In this article, Bahn et al. develop a novel method to identify A-to-I RNA editing sites in next-generation sequencing data.
My favorite aspect of this paper was how the authors empirically estimated the false discovery rate of their algorithm using an ADAR siRNA knock-down in a cancer cell line that only showed normal expression levels for one member of the ADAR family (shown in Figure 2 of the paper). Experimental validation with Sanger sequencing also shows a low false positive rate for the A-to-G events (although not necessarily for non-A-to-G events).
Supplemental Table 3 is also worth checking out: it provides a good review of genome-wide RNA editing studies, including the contentious study in Science by Li et al. For example, only 34% of the RNA editing sites shared by Li et al. and this paper were A-to-G events, whereas 86-100% of the overlapping sites for all of the other studies were A-to-G events. Likewise, the differences in the histograms for RNA editing sites (Figure 2A in this paper, and Figure 1A in Li et al.) emphasize how different the analysis in Li et al. is from other similar studies in the literature.
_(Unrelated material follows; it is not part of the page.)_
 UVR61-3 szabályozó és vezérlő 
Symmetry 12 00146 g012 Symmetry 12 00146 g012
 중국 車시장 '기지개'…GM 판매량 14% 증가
The supplemental table also shows how few RNA editing sites overlap between studies. For example, the authors emphasize how their study recovers 854 A-to-G differences in the DARNED database, but I think it is worth keeping in mind that there were 42,045 sites in the DARNED database and 9636 predicted RNA editing sites (using the threshold for comparison with other studies). This seems to be a common problem that isn't unique to this study (and the authors emphasize that the overlap between genes with RNA editing sites is greater than the overlap of individual RNA editing sties), but I think it is still an interesting observation that is worth keeping in mind for future analysis (which will hopefully have larger samples of paired DNA-Seq and RNA-Seq samples).
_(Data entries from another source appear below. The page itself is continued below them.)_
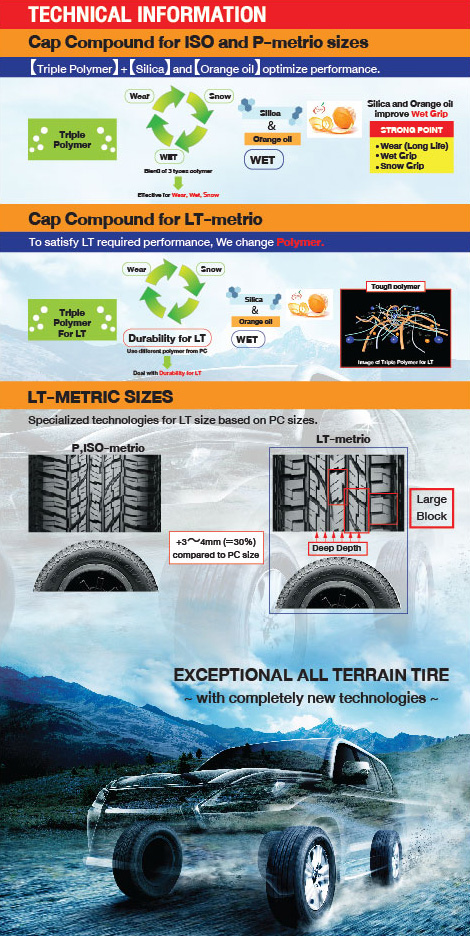 31x10.5r15รุ่นGeolander A/T G015ยี่ห้อYokohama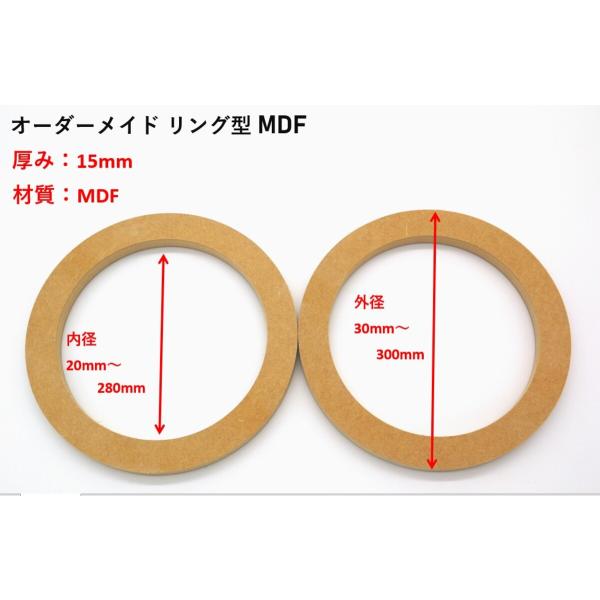 オーダー寸法 リング型MDF】 15mm厚 直径300mmまで自作 DIY用 工作 O型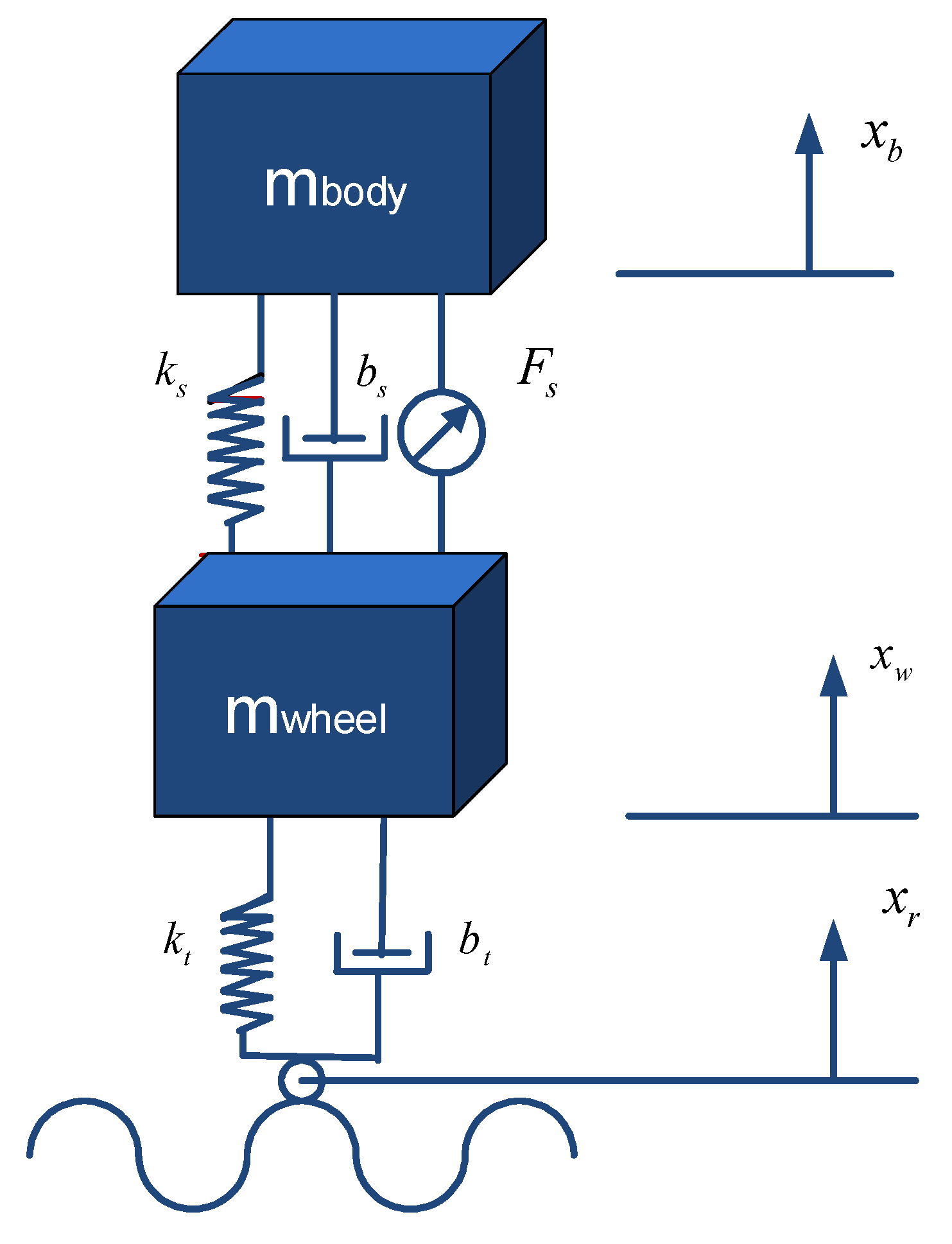 Active Suspension Control for Improved Ride Comfort and Vehicle ...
In general, I think this method does a good job of identifying and filtering likely causes of spurious RNA editing events (like those mentioned in Schrider et al. 2011). For example, the authors use a "double-filtering" strategy to focus on reads with unique alignments (where a conservative threshold is used to define alignments to potential RNA editing sites but a more liberal criteria is used to search for homologous regions that could be causing inaccurate alignments). I also liked that most of the in-depth analysis focused on sites with an editing ratio greater than 0.2.
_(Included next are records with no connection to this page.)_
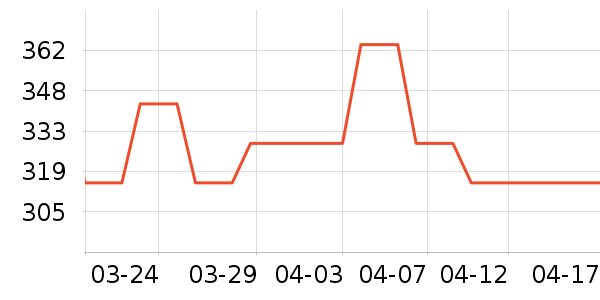 «����������ױ������ʷ�۸�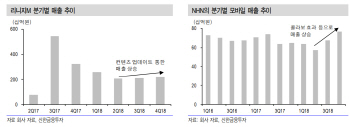 정체된 게임 시장…‘보는 게임’ 성장성 주목-신한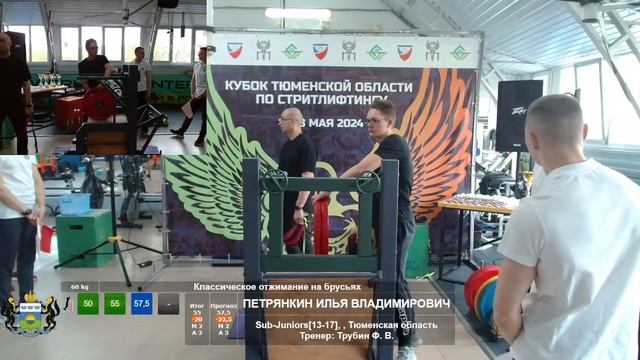 Кубок Тюменской области по стритлифтингу 18 мая 2024 (по версии ISF) смотреть онлайн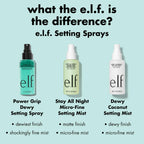 e.l.f. Power Grip Dewy Setting Spray, Ultra Fine Mist Made With Hyaluronic Acid, Grips Makeup For A Hydrated-Looking, Dewy Finish, Vegan & Cruelty-Free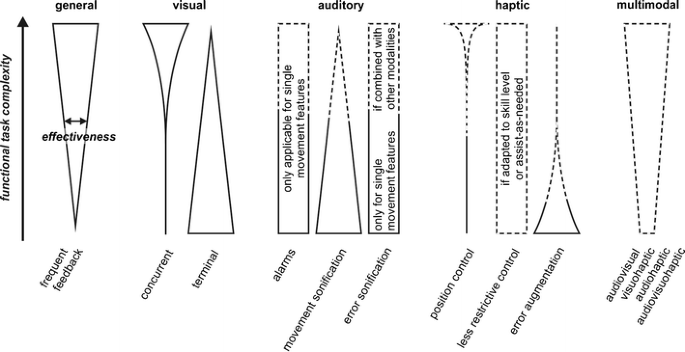 Augmented visual, auditory, haptic, and multimodal feedback in ...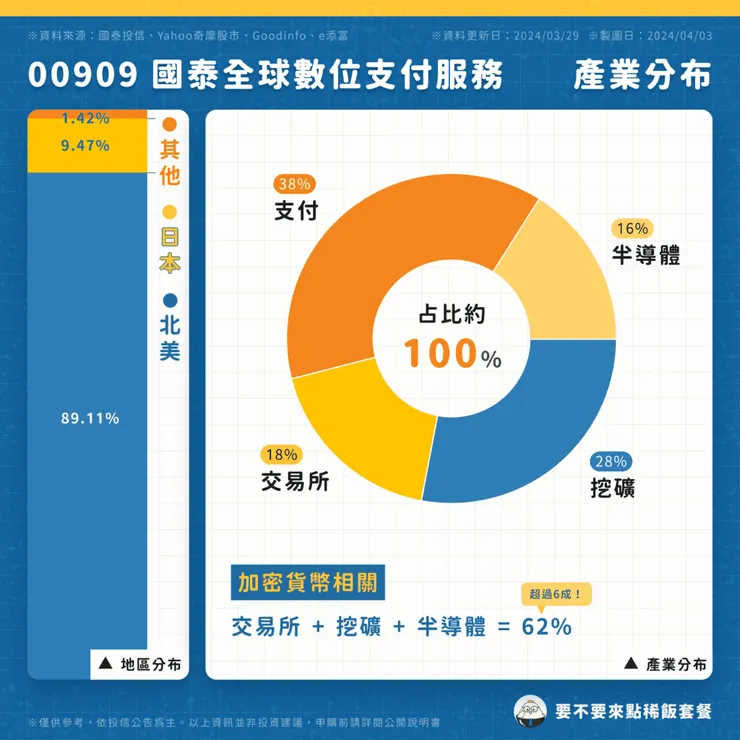 00909 國泰全球數位支付服務|產業分佈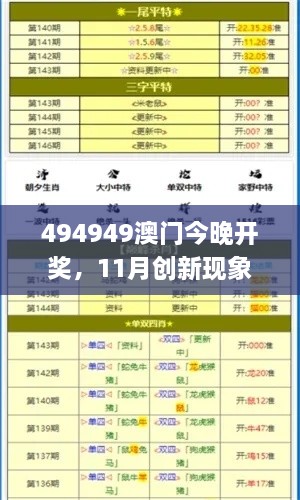 494949澳門今晚開獎，11月創(chuàng)新現(xiàn)象揭秘與解讀思路_ZGP9.49.69精華版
This study focused on analysis of the grade IV glioma cell line U87MG (RNA-Seq: GSE28040, DNA-Seq: GSE19986) and a primary breast cancer sample (EGAS00000000054). Although it probably allowed for more cost-effective analysis, I wonder if the results would have been even cleaner if the RNA-Seq and DNA-Seq data were both newly created for this study using similar technologies (for example, the RNA-Seq data is paired-end Illumina reads whereas the DNA-Seq data was from another study using SOLiD reads). However, I think the results were clean enough that this probably didn't matter too much (based upon the ADAR knock-down data).
The novel motif discovery (Figure 5) was interesting, but I had a hard time imagining the relevance of this motif that isn't found at a consistent distance from the A-to-I site (like those shown in Figure 4). That said, I would be interested in see any follow-up analysis that characterizes the mechanism by which this motif is involved with A-to-I editing.
I think this study only provides very limited analysis on A-to-I editing in cancer. To be fair, the sample size (one sample at a time) is probably not sufficient to make many general claims about A-to-I editing in cancer. However, I still think this aspect of the study was over-emphasized. For example, Supplemental Table 13 shows how sensitive the hypergeometric test (comparing RNA editing sites in the two samples) will be when dealing with such a large background set; all of the RNA editing events except G-to-C were statistically significant with a p-value < 0.05, even though the A-to-G overlap was the only category with more than 5 overlapping sites. In other words, I don't think statistical significance was a strong indicator of biological importance for this analysis. Likewise, it was nice that the enrichment analysis of the NCI Cancer Gene Index genes provided some candidate genes, but I don't think this study is useful in identifying a gene where A-to-I editing is highly likely to play an important role in oncogenesis.
Overall, I would recommend this article to anyone interested in RNA editing and next-generation sequencing analysis.